ChainCatcher news, selon les médias locaux, le comité ad hoc du Kenya enquêtant sur l'incident de Worldcoin a récemment déclaré dans un rapport soumis à la Chambre des représentants que le comportement de Worldcoin « constitue de l'espionnage et constitue une menace pour le statut du pays » et espère que le Bureau of Criminal Investigation Enquêter sur deux sociétés étrangères liées, Tools for Humanity (TFH) Corp et Tools for Humanity (TFH) GmbH, pour des opérations illégales présumées au Kenya.
Les entreprises auraient violé plusieurs lois kenyanes, notamment la loi sur la protection des données, la loi sur la protection des consommateurs et la loi sur l'utilisation abusive de l'ordinateur et la cybercriminalité. Les résultats ont révélé qu'aucune des deux sociétés n'apparaît dans la base de données du Service d'enregistrement des entreprises des entreprises ou sociétés enregistrées au Kenya et ne dispose donc pas de l'autorité légale pour faire des affaires au Kenya.
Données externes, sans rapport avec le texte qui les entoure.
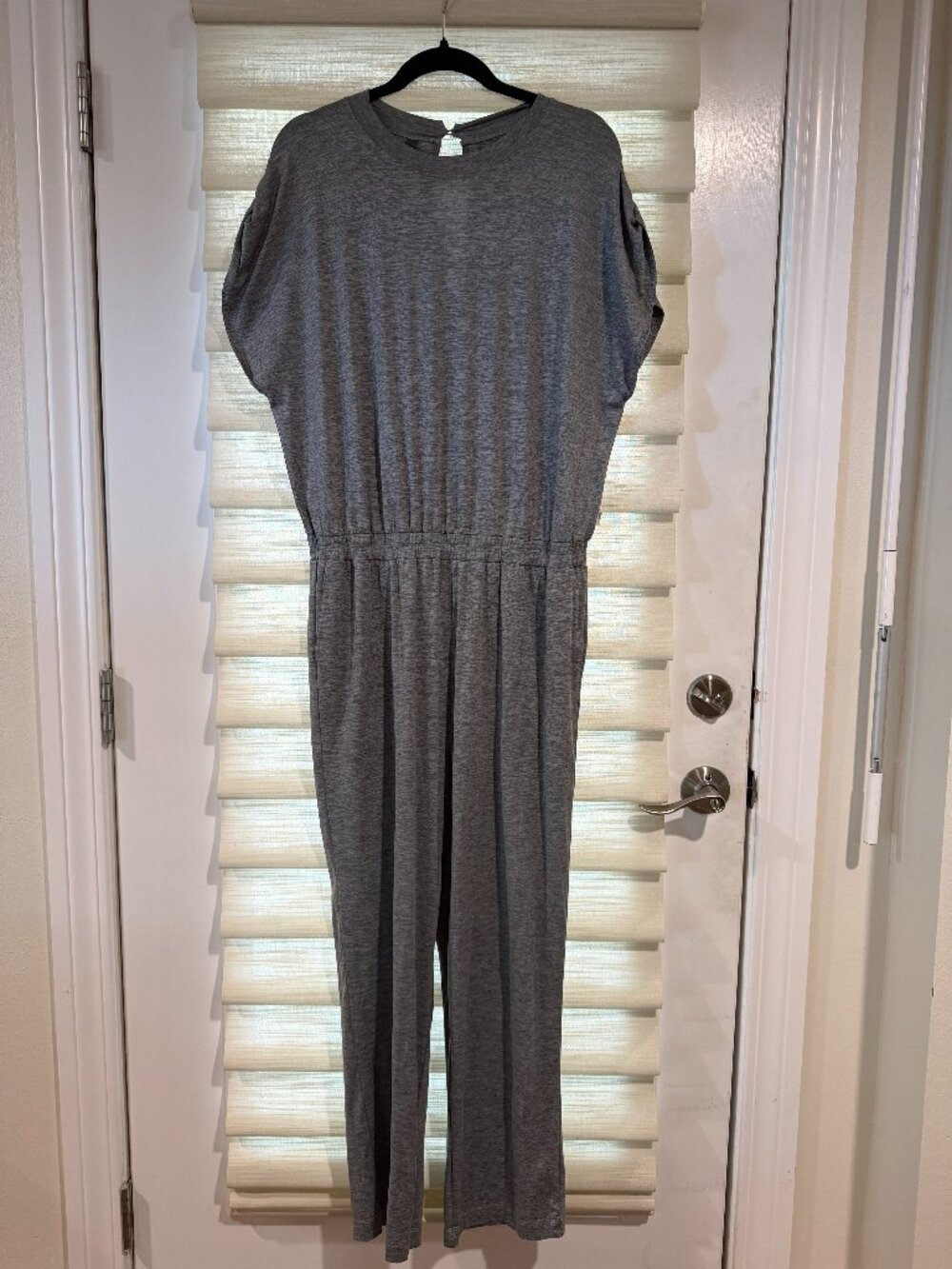 vuori heather gray jumpsuit (size XL)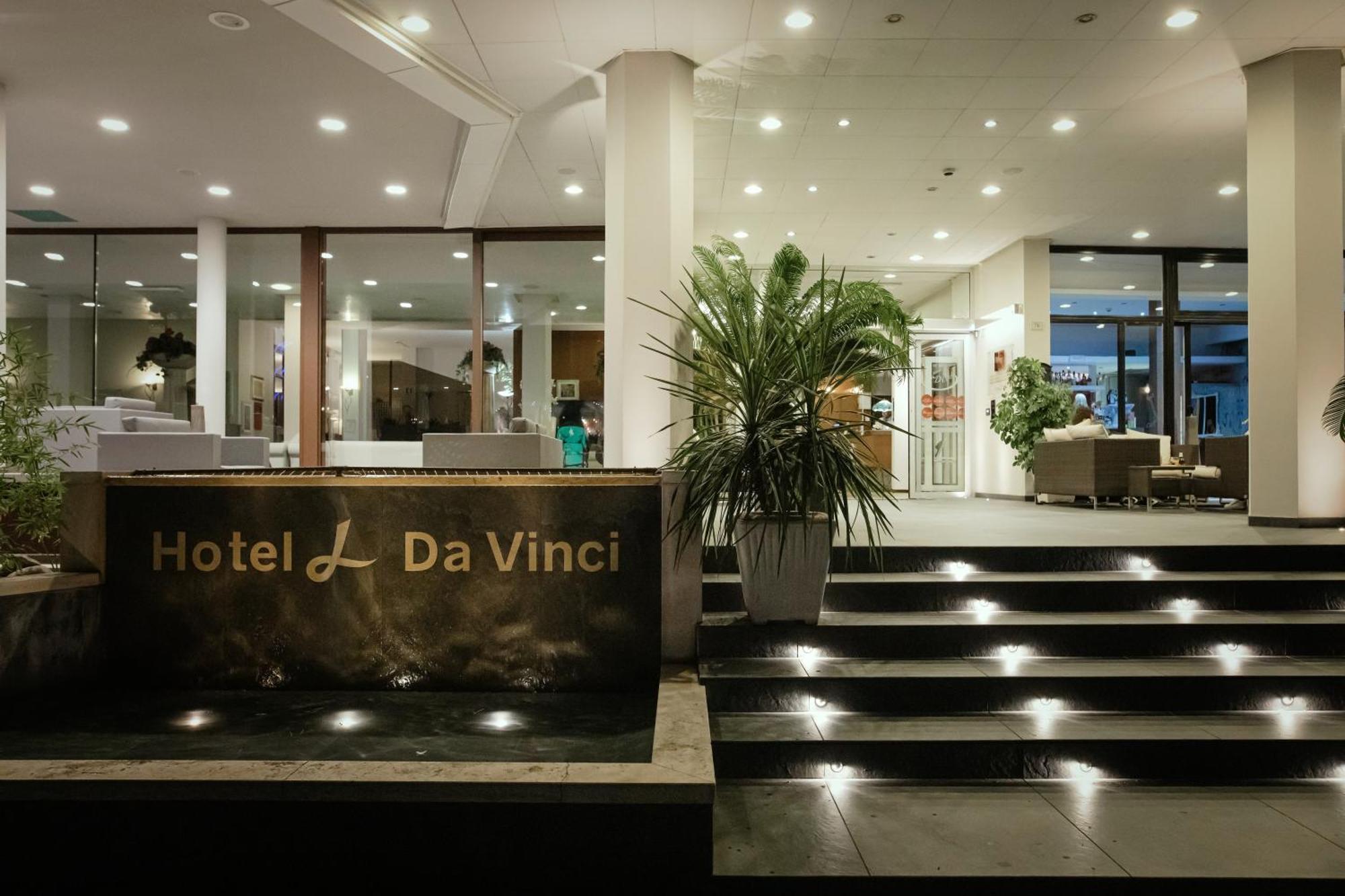 Hotel Leonardo Da Vinci Wellness Spa Бибионе Экстерьер фото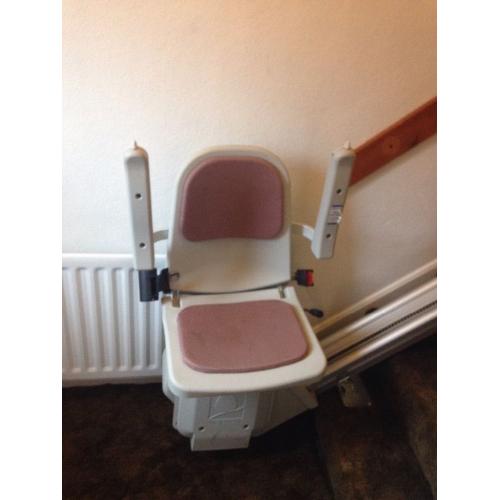 Acorn stair lift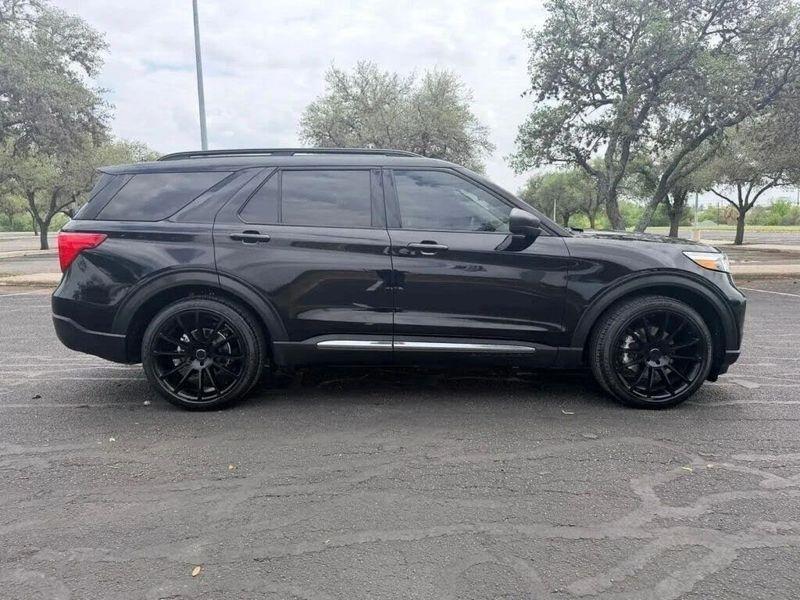 Ford Explorer  2021
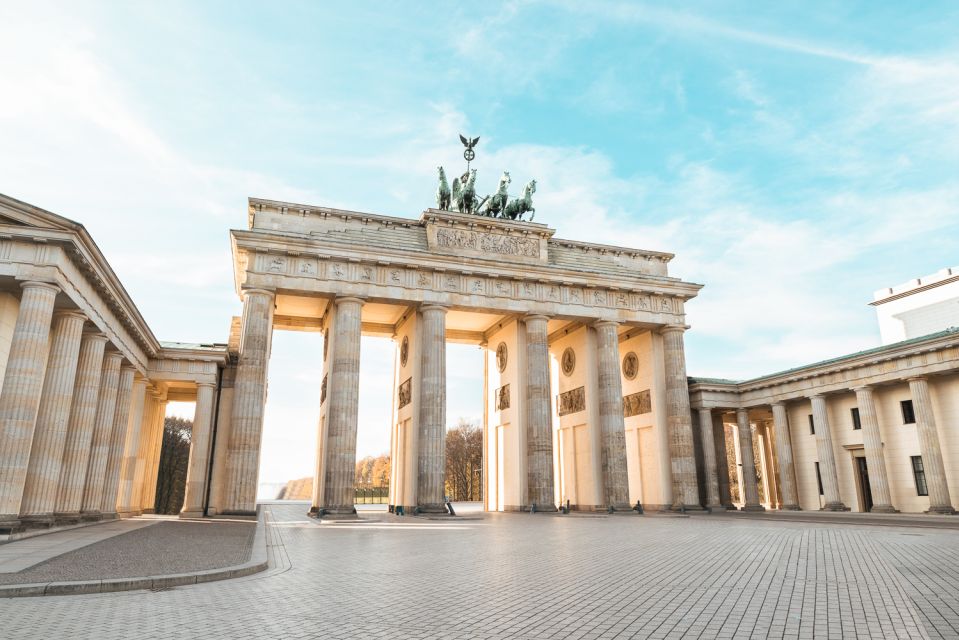 Berlin: 1-Hour Guided Tour of the Historic Center - Highlights of the Route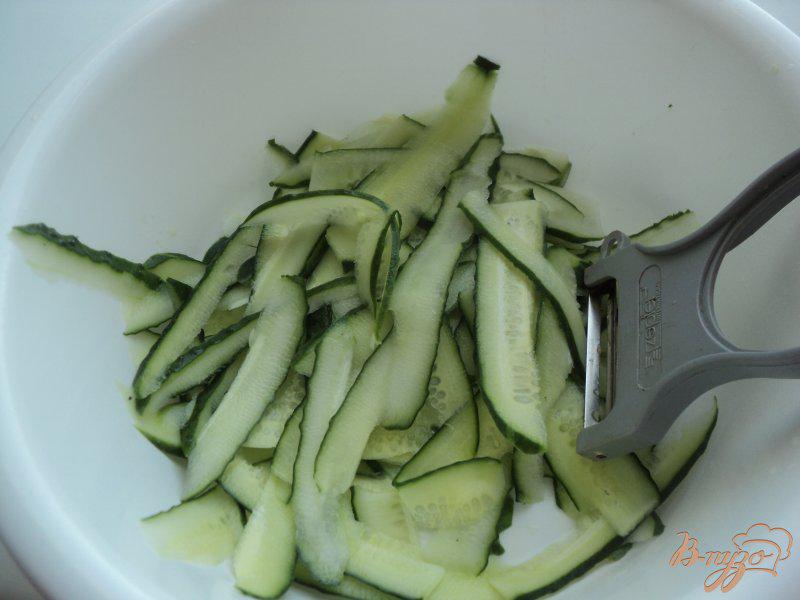 Фото приготовление рецепта: Салат с огурцами и базиликом шаг №1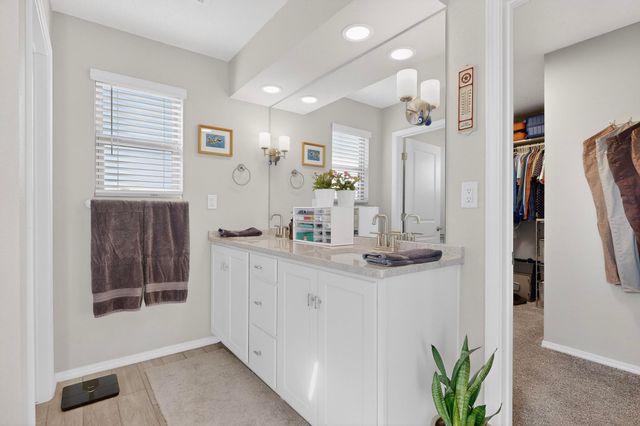 473 Wyatt Avenue SW, Los Lunas, NM 87031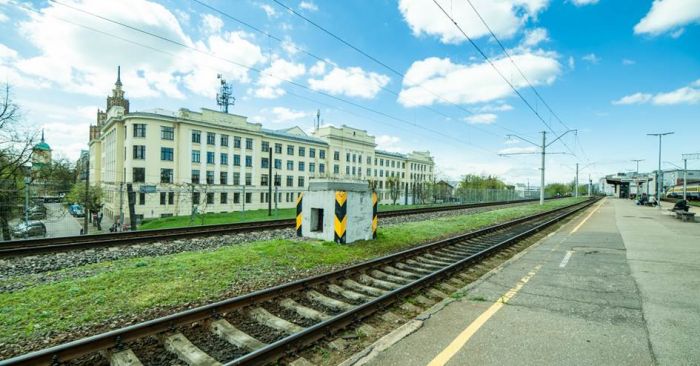 Slepenais "Objekts Nr. 100" jeb pazemes bunkurs bija paredzēts dzelzceļa vadības funkciju un sakaru nodrošināšanai ķīmiskā kara vai atombumbas sprādziena gadījumā. Foto: Andris Biedriņš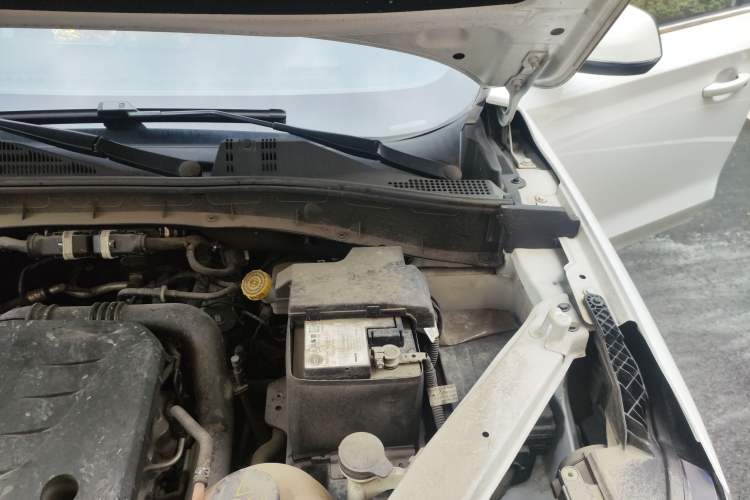 Used Roewe RX5 2022 330TGI Automatic National Style Edition Engine Bay Left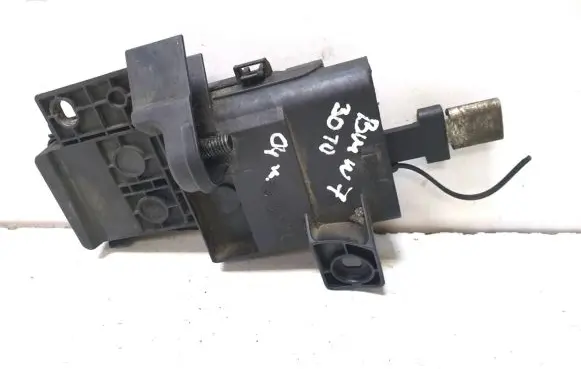 BMW 7 E65 E66 Fuse module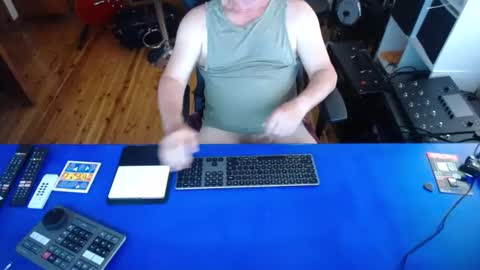 Snapshot of guesswhatigot2 chatting on 12-18-24, 06:32 guesswhatigot2 online show from 12-18-24, 06:32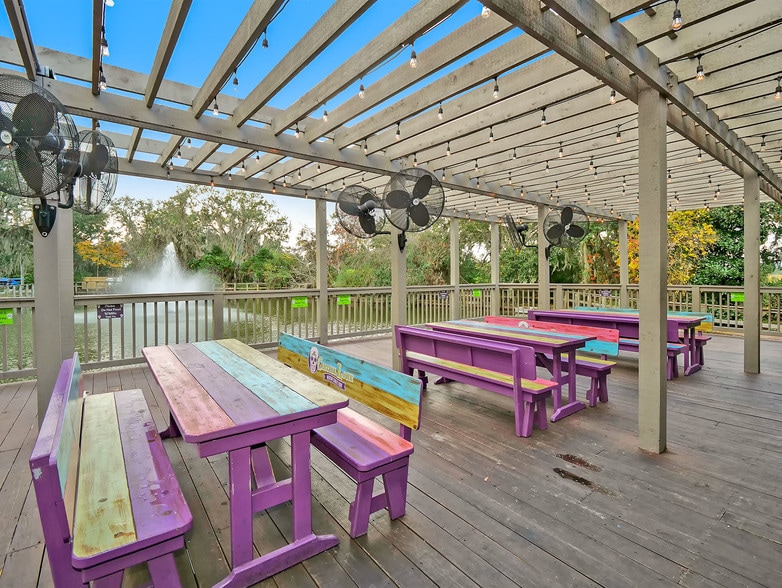 More Photos Of 960062 Gateway Blvd, Fernandina Beach Restaurant For Sale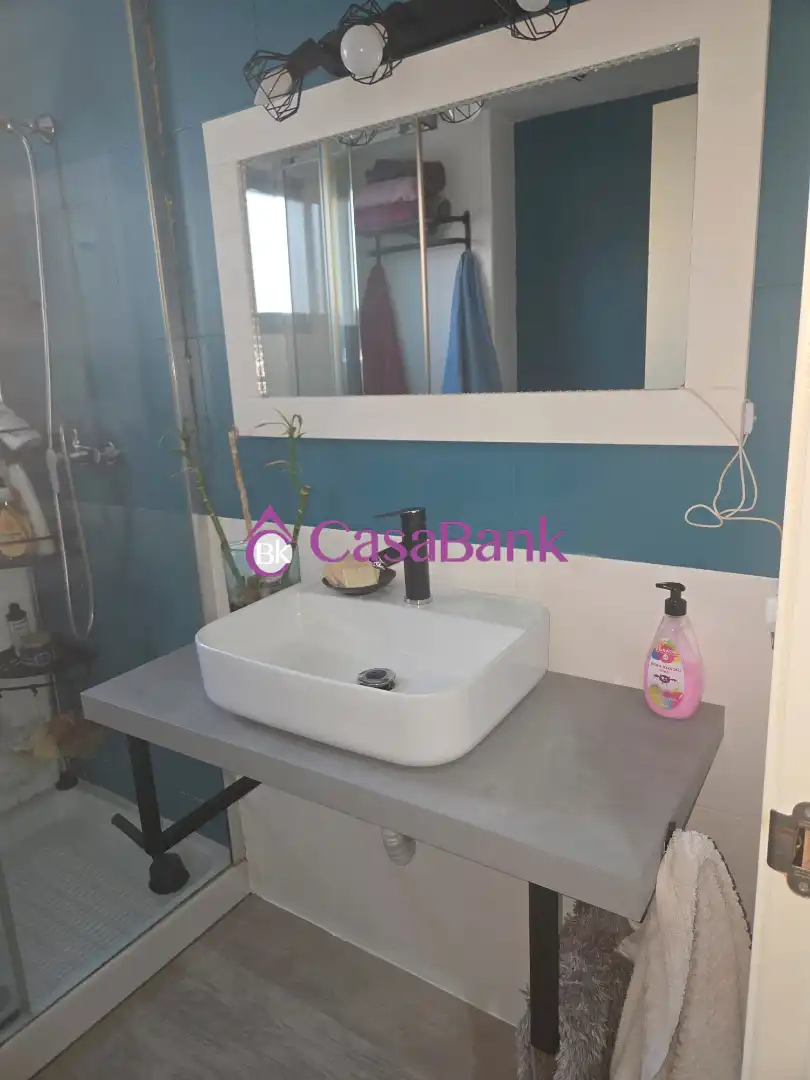 Bathroom of Flat for sale in Córdoba  with Air Conditioner and Furnished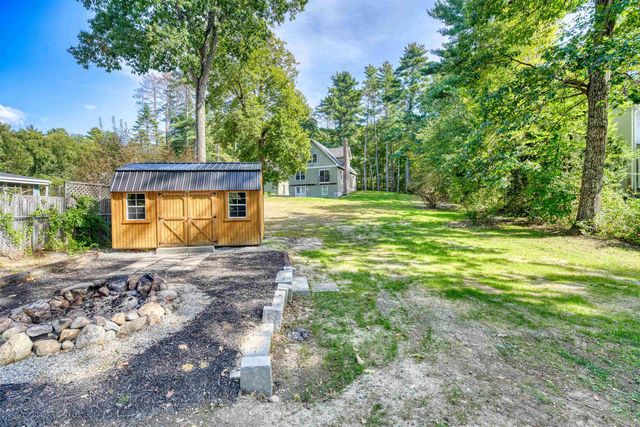 24 Broad Cove Drive, Concord, NH 03301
Comme indiqué précédemment, en septembre, le ministre de l'Intérieur du Kenya a affirmé que les autorités américaines avaient empêché le pays de détenir plusieurs citoyens américains qui étaient des dirigeants du projet de crypto-monnaie Worldcoin. Le co-fondateur et PDG de Worldcoin, Alex Blania, et son conseiller juridique en chef, Thomas Scott, faisaient partie des personnes arrêtées par les autorités kenyanes à l'aéroport de Nairobi.